Proposal - New Computer Vision Message Standards

Thanks for the awesome feedback, everyone! I’ll try to address everything that was brought up.

First, let me start off by noting that although I only created Classification and Detection messages, I think it makes sense to keep this as a general vision_msgs package, and additional computer vision-related messages can be added as time goes on. I think it’s more useful than making a too-specific classification_msgs or similar.

@reinzor, thanks for linking to your message definitions! I think that annotations are already covered under the existing implementation. You could provide the bounding box coordinates in a Detection message, and the most likely label as the only result in the class probabilities. If we want to add other information, such as color of the outline, etc. then maybe this would be a better fit for visualization_msgs or another package.

On another note, is human pose estimation standardized enough to make a custom message type for it? Or is it best described by a TF tree, arbitrary set of geometry_msgs/Pose, or some other existing ROS construct? I’m thinking of the fact that different human detectors provide different levels of fidelity, so it might be difficult to standardize.

@ruffsl, My idea with having two poses is that the bounding box could actually have a different pose from the expressed object pose. For example, the bounding box center for a coffee mug might have some z-height and be off-center wrt the body of the mug, but the expressed object pose might be centered on the cylindrical portion of the mug and be at the bottom. However, maybe it makes sense to forego the bounding box information, as this could be stored in the object metadata, along with a mesh, etc.

On the topic of nesting, I’m open to the idea of flattening the hierarchy and having Classification/Detection 2D/3D all include a new CategoryDistribution message. I’m not sure how much message nesting is considered standard practice, so I’ll look at some other packages to get an idea.

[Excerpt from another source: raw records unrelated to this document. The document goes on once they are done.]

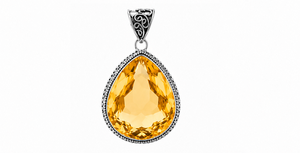 Natural Citrine Sterling Silver Pendant, Pear Cut Citrine <b>Necklace</b>, November Birthstone Jewelry, Yellow Gemstone Gift for Her - Product Image 3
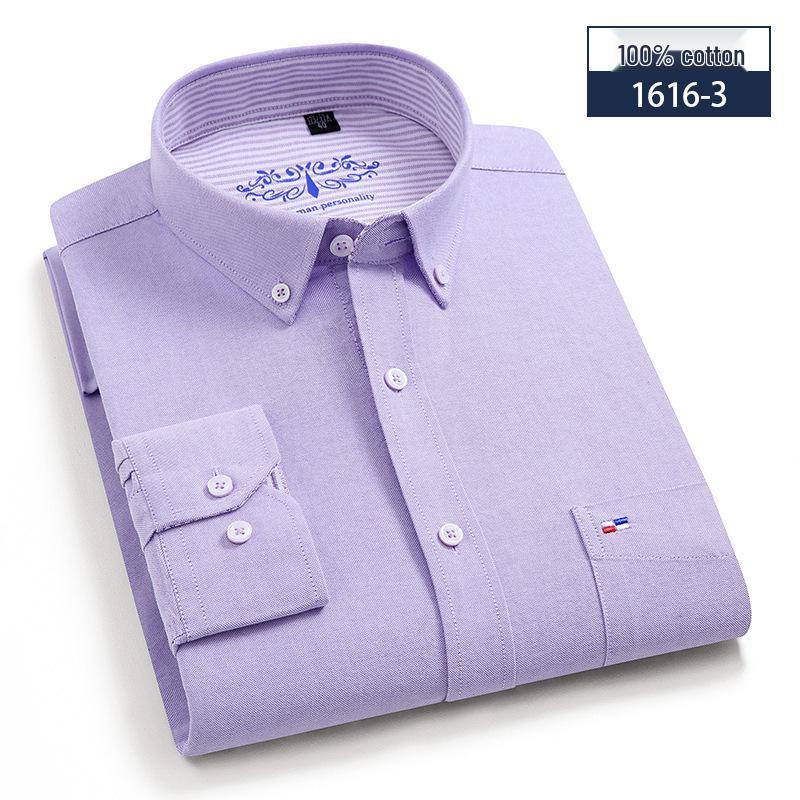 Oxford Men's Long Sleeve Printed Business Shirt - Slim Fit Turn-Down Collar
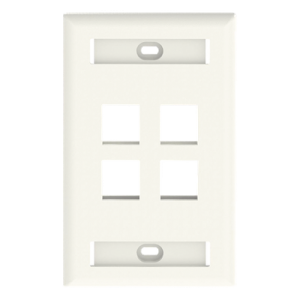 Placa de Pared Vertical, Salida Para 4 Puertos Keystone, Con Espacios Para Etiquetas, Color Banco Mate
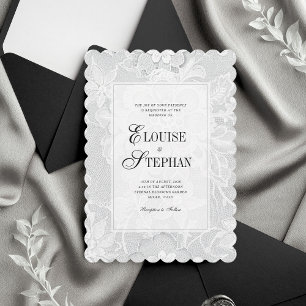 Elegante weiße Spitze Hochzeit mit geschwungener K Einladung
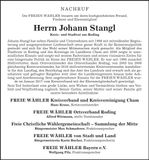 Traueranzeige Hans Stangl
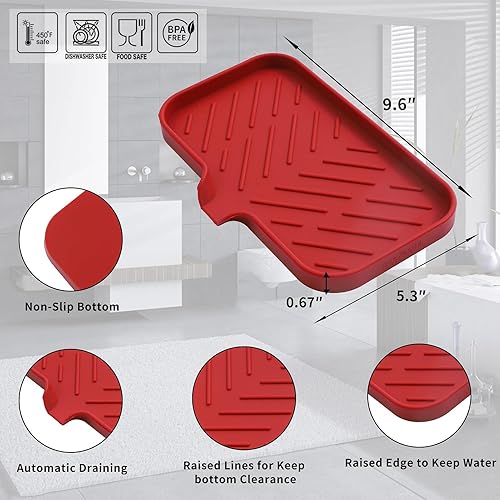 Vista 29 de Jaboneras de baño de silicona con boquilla de drenaje, organizador de fregadero de baño y cocina, soporte para esponja, bandeja de jabón para Gris
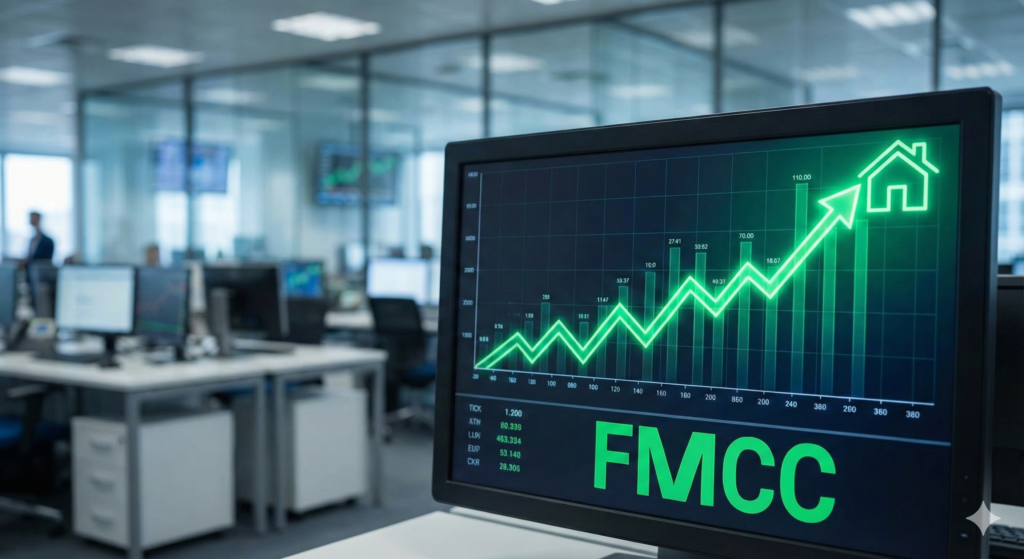 Stock market graph showing Freddie Mac (FMCC) rising with a digital housing icon and trading terminal background.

@Jeremie, I like the idea to add a standardized VisualFeature.msg or other similar message, as long as there is some common baseline that can cover a lot of feature types. From my own understanding of visual features, there’s usually a lot of variation in how the feature is actually defined and represented, so I’m not able to find a “lowest common denominator” from my own experience. If you feel there’s something there that could be broadly useful, please feel free to post it here or make a pull request. I agree with @Loy as well, although many classifiers use features internally, this should be hidden in the implementation except in special cases like the SLAM case described.